SOME/IP message, which is transmitted over Ethernet using TCP/UDP, is received at the other end of SOME/IP communication
LabVIEW SOME/IP API separates the payload data from the received SOME/IP message
This payload is then input to the SOME/IP Deserialization API. The Database file is read using a suitable parser to determine the configuration parameters
Deserializer is used to deserialize the payload in accordance with the configuration parameters. Payload data which is in on-the-wire format is converted to user-readable format in their respective datatypes

The module Deserializer together with Database Parser forms the SOME/IP Deserialization module which is a complete implementation of SOME/IP with deserialization in LabVIEW. Configuration parameters used here are the same as shown in Figure 3. Also, like serialization VIs, every deserialization VI has an input parameter called Index whose value indicates the position of configuration parameters in the DB Params cluster to be used for deserialization of the current parameter.

Although the process of deserialization is the inverse of serialization, additional steps are necessary to be performed in order to ensure data integrity. It includes checking whether the length of received data is as expected, arrays have length fields inserted and strings start with a BOM etc.

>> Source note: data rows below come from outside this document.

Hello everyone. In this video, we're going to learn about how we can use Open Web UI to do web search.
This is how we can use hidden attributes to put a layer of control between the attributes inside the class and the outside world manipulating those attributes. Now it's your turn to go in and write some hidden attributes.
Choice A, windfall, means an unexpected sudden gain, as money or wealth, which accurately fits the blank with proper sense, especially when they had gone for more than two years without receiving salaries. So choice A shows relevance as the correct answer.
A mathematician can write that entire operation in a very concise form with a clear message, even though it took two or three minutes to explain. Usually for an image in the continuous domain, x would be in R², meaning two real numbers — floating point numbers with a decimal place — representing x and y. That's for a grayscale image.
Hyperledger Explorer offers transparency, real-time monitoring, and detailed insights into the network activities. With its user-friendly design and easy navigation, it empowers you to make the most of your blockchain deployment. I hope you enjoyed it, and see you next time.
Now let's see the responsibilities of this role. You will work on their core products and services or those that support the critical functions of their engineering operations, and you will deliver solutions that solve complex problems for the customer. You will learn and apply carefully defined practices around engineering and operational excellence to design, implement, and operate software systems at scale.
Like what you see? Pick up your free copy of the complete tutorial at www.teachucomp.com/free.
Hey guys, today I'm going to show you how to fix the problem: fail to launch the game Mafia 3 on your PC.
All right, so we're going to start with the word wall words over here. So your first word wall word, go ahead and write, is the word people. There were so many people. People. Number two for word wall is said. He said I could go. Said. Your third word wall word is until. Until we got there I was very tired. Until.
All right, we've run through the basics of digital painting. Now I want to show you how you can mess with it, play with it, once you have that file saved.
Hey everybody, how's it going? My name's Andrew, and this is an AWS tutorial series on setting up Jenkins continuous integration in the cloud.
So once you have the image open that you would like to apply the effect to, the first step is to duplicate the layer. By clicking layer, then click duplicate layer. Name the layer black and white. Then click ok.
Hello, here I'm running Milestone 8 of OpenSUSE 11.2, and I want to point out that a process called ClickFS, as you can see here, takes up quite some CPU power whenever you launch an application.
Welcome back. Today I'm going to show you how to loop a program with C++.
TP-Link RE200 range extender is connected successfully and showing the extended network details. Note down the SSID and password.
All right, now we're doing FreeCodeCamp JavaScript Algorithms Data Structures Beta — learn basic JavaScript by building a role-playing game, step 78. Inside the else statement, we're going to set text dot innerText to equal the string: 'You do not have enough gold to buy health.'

In this implementation of LabVIEW SOME/IP API, serialization and deserialization of the following datatypes are supported:

Boolean numbers (transmitted as unsigned 8-bit integers)
Signed and unsigned integers of length 8, 16, 32 and 64 bits
Single and double precision floating-point numbers
Fixed and variable length arrays
Fixed and variable length strings

Example

A simple example is shown in the figure below which demonstrates the usage of serialization and deserialization API functions. Various input and output terminals are labelled to indicate their respective usage or significance.Figure 5 Input and output terminals of serialization and deserialization VIs labelled

On the serialization-side of the LabVIEW code, the input parameters must be connected in ascending order starting from the first parameter (index 0 in the figure) till the last parameter (index 2 in the figure). These indices are used to identify the necessary elements containing the required configuration parameters in the ‘DB Params in’ array. Hence, it is important to make sure that the input parameters are connected in the correct order and, also, that the index values indicate the correct element-positions in the DB Params in array. Therefore, if there are ‘n’ user-input parameters, the index values range from 0 to n-1. However, on the deserialization-side of the LabVIEW code, the output parameters connected can appear in any order. In the example shown, they are connected in the ascending order; however, for example, the VI used for deserializing the ‘1st param’ can be connected after either the VI for ‘2nd param’ or ‘3rd param’. The offset of each parameter is calculated internally in every VI and the value of the parameter is copied separately to be output to the user. This enables deserialization of user parameters in any required order. However, like for serialization, the index values connected must correspond to the exact position of applicable configuration parameters in the ‘DB Params in’ array.

Arrays

AUTOSAR specifies that all arrays must be transmitted along with a ‘Length field’ at the beginning that indicates the length of the array that follows. This helps to allocate appropriate buffer-size during deserialization on the receiving end. This is achieved using the ‘Insert length-field’ block. AUTOSAR specifies that the type of length field can be either uint8, uint16 or uint32. So, the possible length of array size with these values for length-field is shown in the table below.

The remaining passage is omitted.